Time For South Korea To Take The Lead On North Korea

By Bonnie Kristian

The U.S. and South Korea have reached two agreements about the near-term future of the alliance, the Biden administration announced before the recent meeting in Seoul. First, the two governments worked out a new cost-sharing arrangement for the extensive U.S. military presence on the Korean Peninsula. And second, Washington and Seoul assented to suspend many of their annual joint military drills.

The latter is a smart move. It could well lower tensions and make space for useful diplomacy with North Korea, which regards the drills as practice for invasion and often responds with its own provocations in turn. The value of the cost-sharing arrangement is more difficult to assess. On the one hand, its settlement may allow more important diplomatic matters to move to the forefront in the relationship, which is to the good. But this deal also represents a recommitment to counterproductive U.S. dominance of inter-Korean relations, which serves neither U.S. interests nor the cause of peace.

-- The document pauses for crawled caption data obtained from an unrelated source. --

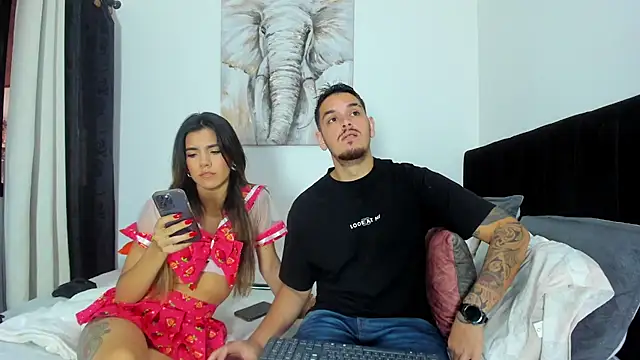 Rose dom online show from 12-16-24, 07:00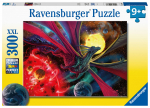 Pusle Ravensburger Dragon, 300 tk
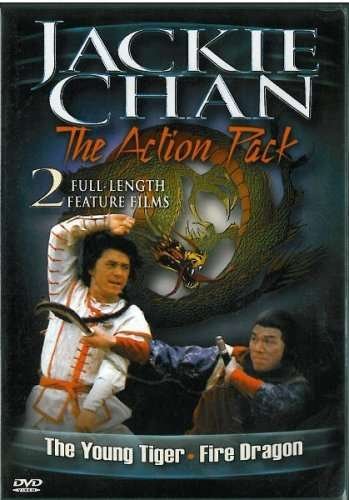 Cover for Jackie Chan (DVD) (2007)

The sort of burden-sharing that stands a real chance of breaking the impasse with North Korea is not fiscal. Rather, Washington should be shifting the responsibility and direction of diplomatic ventures to Seoul. Over the past decade, while U.S. interactions with North Korea have careened between insults and photo-ops, stalemate, and regression, South Korea has shown itself a far more persistent and qualified diplomat than the United States.